The Shapiro proposal.

As time marches on, Sam Shapiro's proposal makes more and more sense.

Sam, Maine's treasurer, said on May 13 that he planned to ask the Municipal Securities Rulemaking Board to ban campaign contributions from municipal bond firms. Campaign gifts have been much in the news market lately.

Last Wednesday, the board announced it is considering requiring bond dealers to make "additional disclosures" of political contributions, and that it will review the issue for several months.

Also on Wednesday, Richard Roberts of the Securities and Exchange Commission talked about political contributions at a congressional hearing, asserting that the SEC and the MSRB had the authority to require some disclosure of Wall Street donations to government officials.

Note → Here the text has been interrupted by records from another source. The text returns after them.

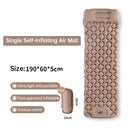 Outdoor double inflatable sleeping pad – with built-in pillow & pump, for camping, backpacking, hiking.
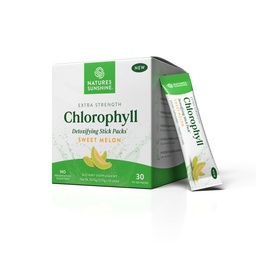 Les packs de bâtons de chlorophylle de la nature: surchargez votre détox et boostez la santé de la gueule dans des packs de bâtons pratiques et délicieux (Mélon sucré)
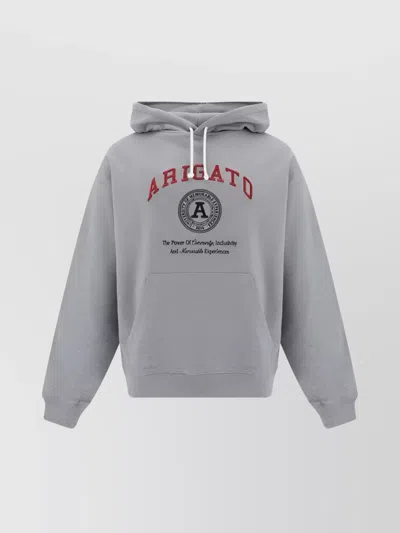 AXEL ARIGATO COTTON HOODIE WITH FRONT GRAPHIC PRINT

The Public Securities Association, reacting to the MSRB, urged the board to explore how to improve mandatory disclosure of political contributions. The options seem to be prohibition or disclosure. Sam Shapiro wants prohibition; the PSA wants disclosure.

Back in 1975, Congress enacted the so-called Tower amendment, which limits the SEC's authority to tell governments what they must disclose when they offer securities for sale to the public.

In 1993, it's hard to see what good Tower does, for if states and cities want to borrow in the interstate securities market, they can adhere to national marketplace rules. If Congress can tax the interest on municipal bonds, Congress -- read the SEC and thus the MSRB -- can tell muni bond issuers what they must disclose.

So far, the MSRB has been unnecessarily timid in these matters. Its policy, written in 1991, states, "In the municipal securities market, the payment of political contributions by an underwriter -- or any other party connected with the underwriting process -- to officials involved in the choice of an underwriting team may create at least the appearance that the contribution has influenced the selection of that team." The MSRB is kidding itself here. Contributions always appear to influence the selection of underwriters.

The MSRB policy encourages dealers and issuers "to maintain the integrity of the process of selecting the parties involved in an underwriting." This policy hasn't kept questionable back-scratching from recurring and embarrassing and weakening the municipal bond community, and the MSRB is wise to move ahead.

Sam Shapiro would go further. He says he will propose a nationwide ban on Wall Street contributions to bond-issuing officials at a regional meeting of state treasurers in June. There are free speech questions, to be sure, but the proposal has a good, clean ring. Even if contributions are legal and disclosed, they are still payola.